In some respects, this has been true, though once again the administration seems to have anticipated the effect and orchestrated it. Most wars are reported in what movie critics call "mise-en-scène." You get a sense of the whole thing, generally because the military command provides press briefings, like Schwarzkopf's, that provide the larger picture of what's happening: troop movements, campaigns, strategies, victories and defeats. The job of the reporters in the field is to provide texture and fill in the gaps. This war is being reported as montage. You get a series of quick cuts from one area to another but because there is virtually no larger picture being provided -- Gen. Tommy Franks, the head of command, faced the press only once in the first week of battle -- all the public gets are disparate pieces, and even those pieces cannot be assembled in any meaningful way. Defense Secretary Rumsfeld admitted, "What we are seeing is not the war in Iraq. What we are seeing are slices of the war in Iraq."

To prove Rumsfeld's point, while CBS ran a snippet of the Al-Jazeera POW tape and other networks posted stills from it, the American media are not showing the images that have grabbed the attention of the Arab world: The corpses of Iraqi soldiers, the wounded civilians in the hospital, the general destruction.

With slices instead of the whole, the administration has provided action without context, lots of trees without any forest as one anchorman put it, which is exactly what the president wants.
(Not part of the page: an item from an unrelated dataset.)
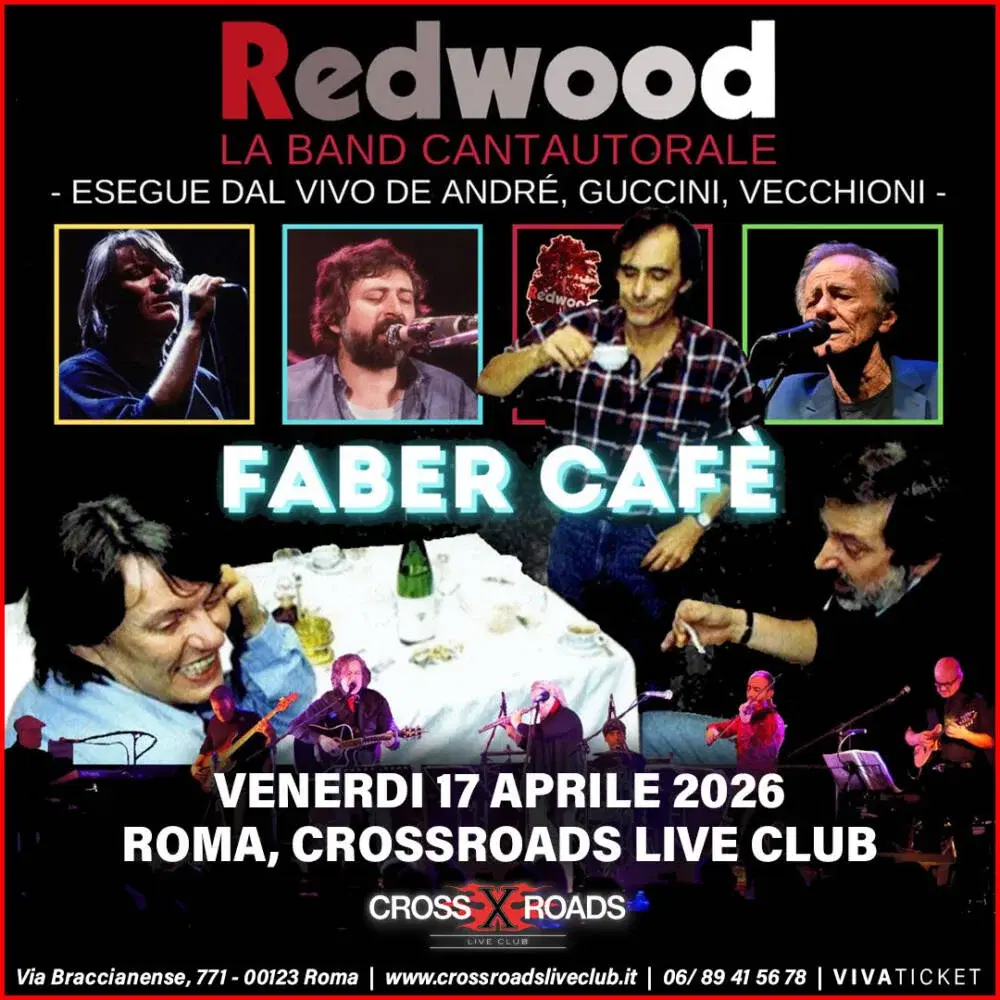 Anime Ribelli – Tributo ai Cantautori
The White House knows that so long as viewers are focusing on the troops, there will be public support for the war, though the one thing the administration might not have bargained for is that when things go badly, a war in montage can look an awful lot like chaos.
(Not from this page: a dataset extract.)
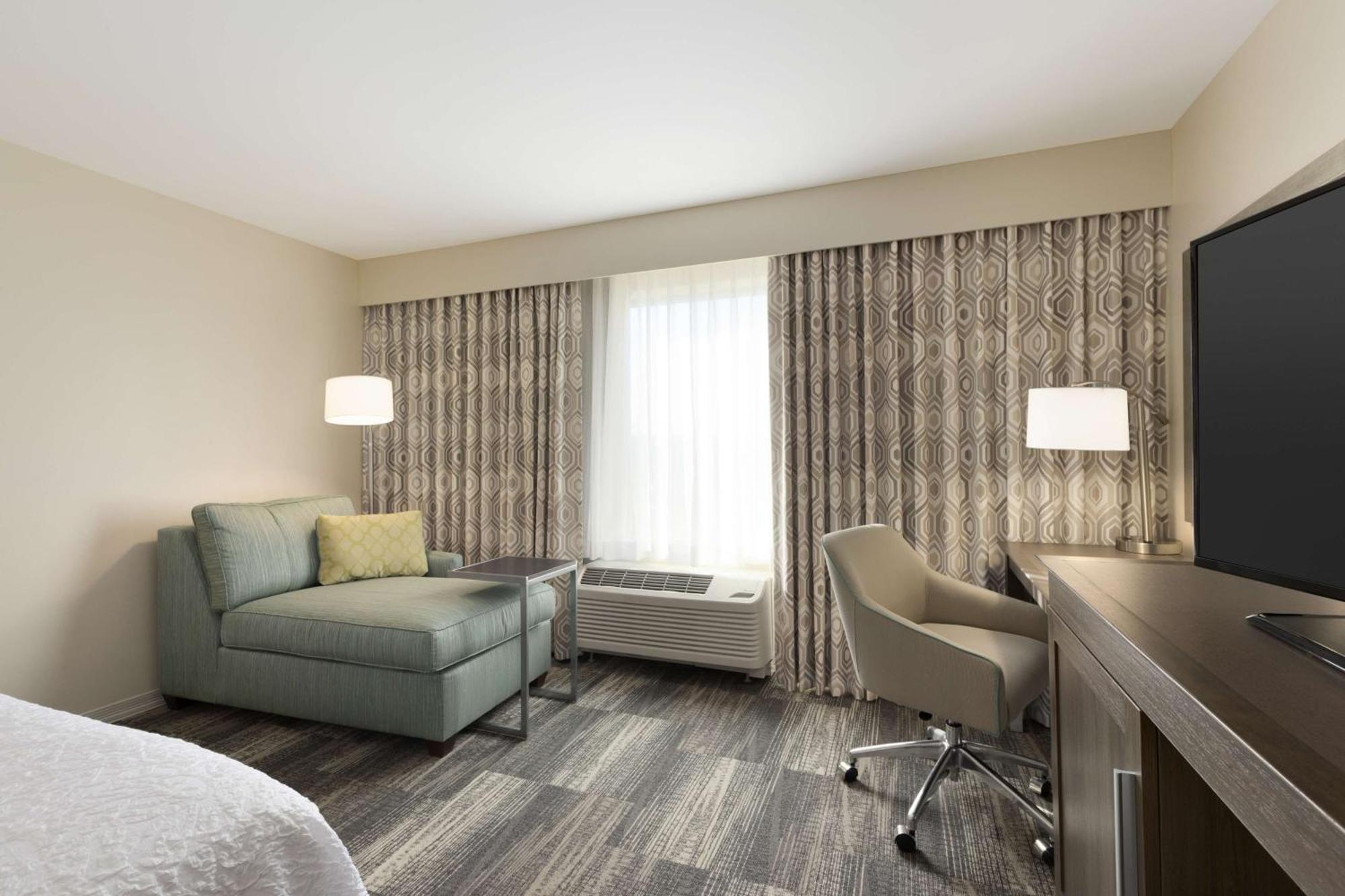 Hampton Inn & Suites Niles/Warren, Oh Exterior foto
No doubt the White House also knows that while the battlefield images have the look and feel of reality, of being taken right in the middle of the maelstrom, reality isn't what it used to be. Most Americans nowadays process it differently. So-called reality programming has made the public more receptive to documentary images, but it has also taken out most of the bite and converted those images into another style of entertainment. That may be why the embed coverage of the Iraq war, which should be terrifying, instead seems like just another reality show. (At a press briefing last Saturday, Victoria Clarke, assistant secretary of defense for public affairs, bristled when a reporter referred to the bombardment of Baghdad as a "show" and a brief argument ensued, but the reporters, mostly foreigners it seemed, were clearly on to something.) Anyone watching cable news very early Sunday morning could see a tank battle outside Umm Qasr in southern Iraq and the effect was not very different from watching an extended episode of "Cops." One felt surprisingly disengaged.

Writing in the New York Times on Sunday, Alessandra Stanley observed that "Television cameras' usual route to battle is the trail left by its victims," and she cited the familiar images of refugees, hospital wards and open graves from recent wars. Her point was that the embeds were providing "an entirely new prism" through which to view war. Perhaps so, but the images on Al-Jazeera were an awful reminder that bodies and POWs still matter and that this war is not just a spectacular limited-run reality show that will end inevitably with Saddam's demise. They also reminded us that while we are seeing more of war via those embedded reporters, we may actually wind up knowing less -- which is probably just how the administration intended it to be.